Wenn ihr euch ernsthaft mit Agilität auseinandersetzen möchtet, um wirklich von diesem tollen Konzept zu profitieren, solltet ihr die Stimmung in einem Projekt als wesentlichen Qualitätsfaktor regelmäßig messen und im Falle eines Falles alles dafür tun, dass sie nicht in den Keller rutscht.
Das Messen der Stimmung kann durch Beobachtung oder Befragung geschehen, wobei ihr bei letzterer etwas aufpassen müsst: Fragt ihr einen Menschen nach seinem eigenen Befinden, wird sehr oft im Sinne sozialer Erwünschtheit mit einer Tendenz zur Mitte geantwortet. Statt einer ehrlichen Antwort bekommt ihr in diesem Fall fast immer "Geht so" oder "Ganz gut" zu hören, was weder euch noch den Befragten wirklich weiterbringt.
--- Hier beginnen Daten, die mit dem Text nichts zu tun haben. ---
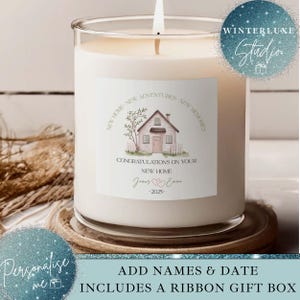 May include: A large white candle in a clear glass jar, with a lit wick. The label features a house illustration and the text "Congratulations on your new home." The candle sits on a wooden coaster. The text "Add names & date" is also visible.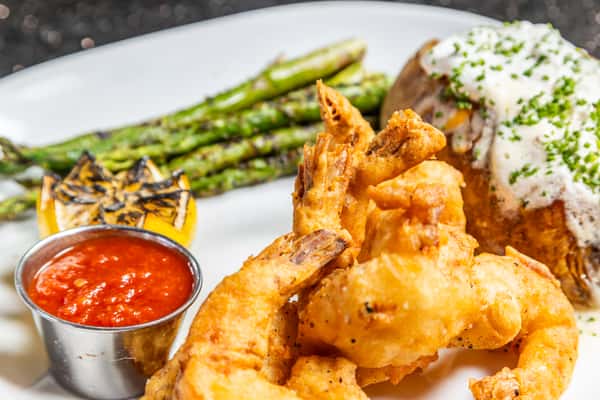 Crispy tempura shrimp with loaded baked potato, asparagus, and dipping sauce at Gorat's Steak House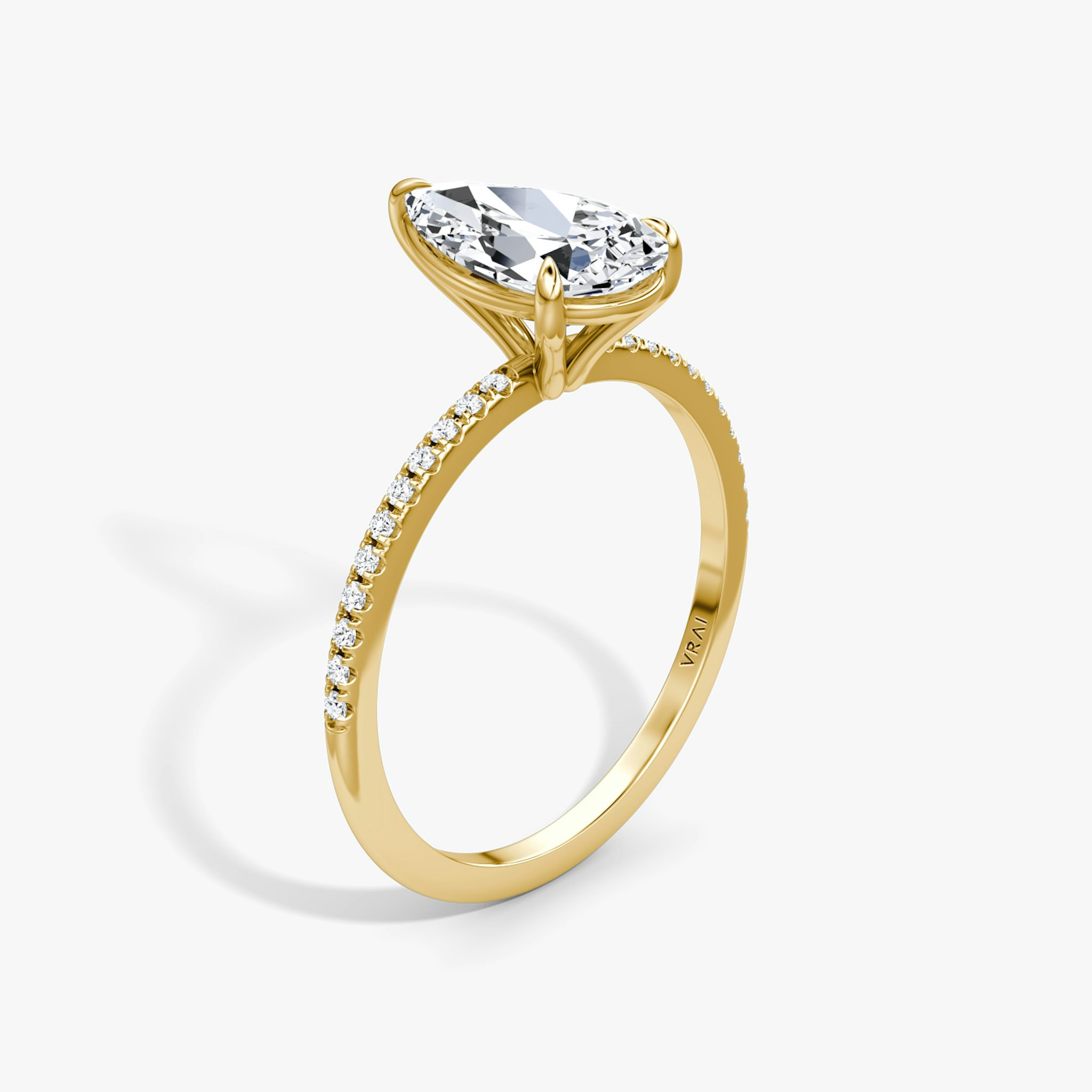 The Petite 4-Prong Solitaire | Pear | 18k | Yellow Gold | bandAccent: Pavé | diamondOrientation: vertical | caratWeight: other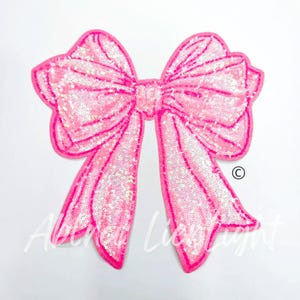 May include: A large pink sequined bow with a shiny iridescent finish. The bow is a decorative embellishment for clothing or crafts.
Sinnvoller ist es, die Projektmitglieder zu bitten, die Stimmung im Team zu beurteilen – nicht nur im eigenen, sondern falls vorhanden, auch in anderen Teams.
Untermauern könnt ihr diese gewonnen Aussagen durch eigene Beobachtungen. Auch Bewertungsportale können hier helfen. So ist zum Beispiel das Arbeitgeberportal Kununu ein guter Gradmesser – zumindest für kleinere Unternehmen. Solltet ihr hier regelmäßig schlecht abschneiden, ist es um die Stimmung im Team wahrscheinlich nicht gut bestellt und ihr solltet auf keinen Fall gute Projektergebnisse erwarten.
Ein Projekt, in dem alle Leute miese Laune haben, wird am Ende immer schlecht ausgehen – was nicht heißen soll, dass man es nicht trotzdem als Erfolg verkaufen könnte. Aber das ist eine andere Geschichte.